[Provided information]
§
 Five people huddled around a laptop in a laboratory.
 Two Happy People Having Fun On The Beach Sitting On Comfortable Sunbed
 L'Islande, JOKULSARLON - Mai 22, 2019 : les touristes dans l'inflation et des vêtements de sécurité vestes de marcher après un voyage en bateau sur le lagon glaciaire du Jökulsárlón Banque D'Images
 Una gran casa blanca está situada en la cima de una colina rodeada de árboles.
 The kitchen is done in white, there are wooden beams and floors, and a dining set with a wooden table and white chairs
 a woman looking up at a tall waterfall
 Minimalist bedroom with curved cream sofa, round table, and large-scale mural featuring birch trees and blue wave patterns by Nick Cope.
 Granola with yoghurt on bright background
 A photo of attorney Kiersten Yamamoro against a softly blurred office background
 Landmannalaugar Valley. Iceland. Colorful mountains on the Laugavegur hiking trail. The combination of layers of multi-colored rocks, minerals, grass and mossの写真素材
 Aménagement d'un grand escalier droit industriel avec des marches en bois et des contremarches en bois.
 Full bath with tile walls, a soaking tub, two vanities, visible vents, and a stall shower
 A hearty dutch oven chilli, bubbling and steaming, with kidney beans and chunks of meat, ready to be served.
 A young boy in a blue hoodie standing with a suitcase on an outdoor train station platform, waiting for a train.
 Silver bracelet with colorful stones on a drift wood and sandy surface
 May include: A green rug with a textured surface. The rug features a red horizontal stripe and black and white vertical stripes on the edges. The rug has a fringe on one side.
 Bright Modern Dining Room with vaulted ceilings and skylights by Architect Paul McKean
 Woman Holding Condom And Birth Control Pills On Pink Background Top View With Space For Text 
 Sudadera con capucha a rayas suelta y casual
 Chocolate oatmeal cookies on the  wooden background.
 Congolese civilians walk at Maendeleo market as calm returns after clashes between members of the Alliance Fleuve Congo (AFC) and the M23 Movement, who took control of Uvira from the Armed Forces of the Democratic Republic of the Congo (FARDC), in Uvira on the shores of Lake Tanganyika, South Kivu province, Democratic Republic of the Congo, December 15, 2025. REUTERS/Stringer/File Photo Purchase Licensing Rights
§
[Your instructions] Only the lines from the one holding "Aménagement d'un grand" to the end of the material are wanted, each transcribed exactly.

[Solution to this problem]
 Aménagement d'un grand escalier droit industriel avec des marches en bois et des contremarches en bois.
 Full bath with tile walls, a soaking tub, two vanities, visible vents, and a stall shower
 A hearty dutch oven chilli, bubbling and steaming, with kidney beans and chunks of meat, ready to be served.
 A young boy in a blue hoodie standing with a suitcase on an outdoor train station platform, waiting for a train.
 Silver bracelet with colorful stones on a drift wood and sandy surface
 May include: A green rug with a textured surface. The rug features a red horizontal stripe and black and white vertical stripes on the edges. The rug has a fringe on one side.
 Bright Modern Dining Room with vaulted ceilings and skylights by Architect Paul McKean
 Woman Holding Condom And Birth Control Pills On Pink Background Top View With Space For Text 
 Sudadera con capucha a rayas suelta y casual
 Chocolate oatmeal cookies on the  wooden background.
 Congolese civilians walk at Maendeleo market as calm returns after clashes between members of the Alliance Fleuve Congo (AFC) and the M23 Movement, who took control of Uvira from the Armed Forces of the Democratic Republic of the Congo (FARDC), in Uvira on the shores of Lake Tanganyika, South Kivu province, Democratic Republic of the Congo, December 15, 2025. REUTERS/Stringer/File Photo Purchase Licensing Rights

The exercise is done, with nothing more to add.